Somehow, Miller gets criticized for misogyny on the grounds of everything that makes Abigail a good villain: power and cruelty. It is frequently argued that the women with power in novels are always the villains, so their authors must be afraid of women with power. This statement raises a few questions: Should female villains no longer be powerful? Should women no longer be cast as villains at all? If this is the subconscious proposition, we have a very problematic culture on our hands.

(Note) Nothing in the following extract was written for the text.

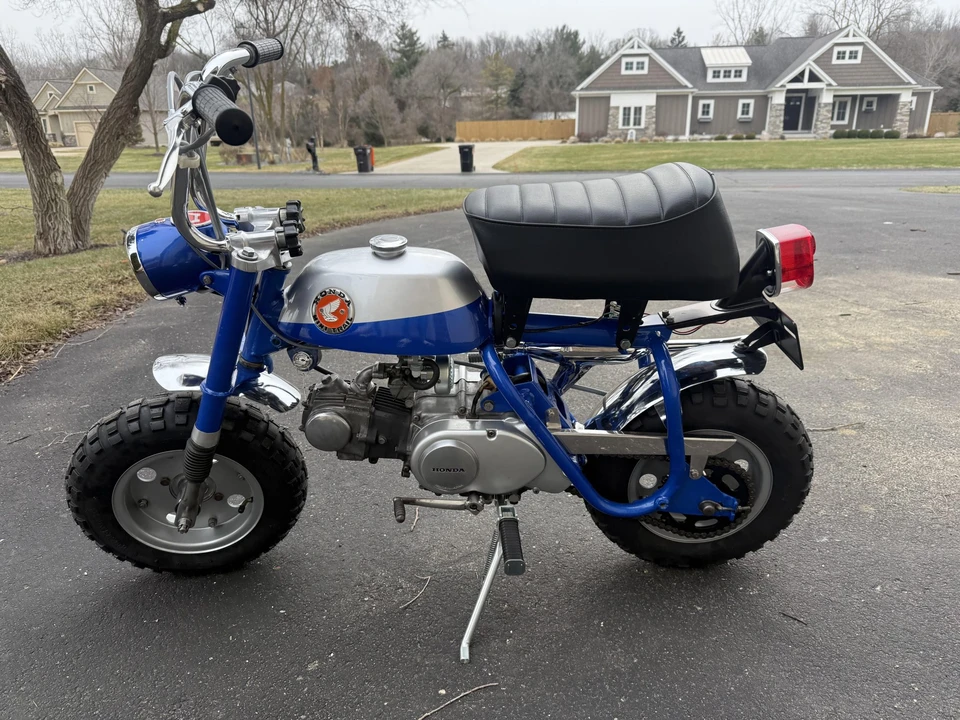 1969 Honda Z50 - Image 28 of 31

Villains are important because they are an avenue for the readers to interact with what are called their shadows: the dark side of their personalities. The appeal of villains comes from how they refuse to be pushed around, which many people admire, especially if they themselves are pushed around frequently. Resentment at their own circumstances manifests in people’s psychological shadows, and too much suppression of the shadow can lead to outright malevolence. The villains are a place for the reader to mentally map one’s shadow onto. The reader assimilates the qualities of the villain that are more disagreeable and assertive without also assimilating the villain’s evil behaviors. In other words, a villain helps you properly integrate your shadow and separate assertiveness from evil as you analyze what went wrong in the villain’s character. Stripping this opportunity from women on the grounds of female villains being supposedly sexist is very problematic—let our society beware of that mistake.
Lucie Manette and Abigail Williams have been shamefully mistreated by the modern literary community, which increasingly seeks to set moral boundaries on authors. The space for acceptable female characters is constantly narrowing, which not only stifles creativity, but also alienates women who happen to identify with the female characters now deemed to be nothing more than a mental projection of a chauvinist author. There is also another problem: this approach is downright lazy. It is easy to take existing ideologies and copy-paste them into literary critiques. Modern feminist rhetotic is oftentimes a premade lens with which to judge a story, and that leaves no room for one’s original thoughts. Literature is not meant to fit a moral standard: literature is an expression of ideas, the unique flow of a story when completely unhampered by any thought restrictions.
When we read, we are not meant to bend the story to our desires, but to let our imaginations be bent by the author. When we close the book, we don’t have to agree with the author’s moral conclusion, but we are not meant to critique the book based on morality: we critique the book by its literary merit. In my opinion, ideologically-based moral opinion has a limited space in literature—and exaggerated feminist rhetoric has overstayed its welcome.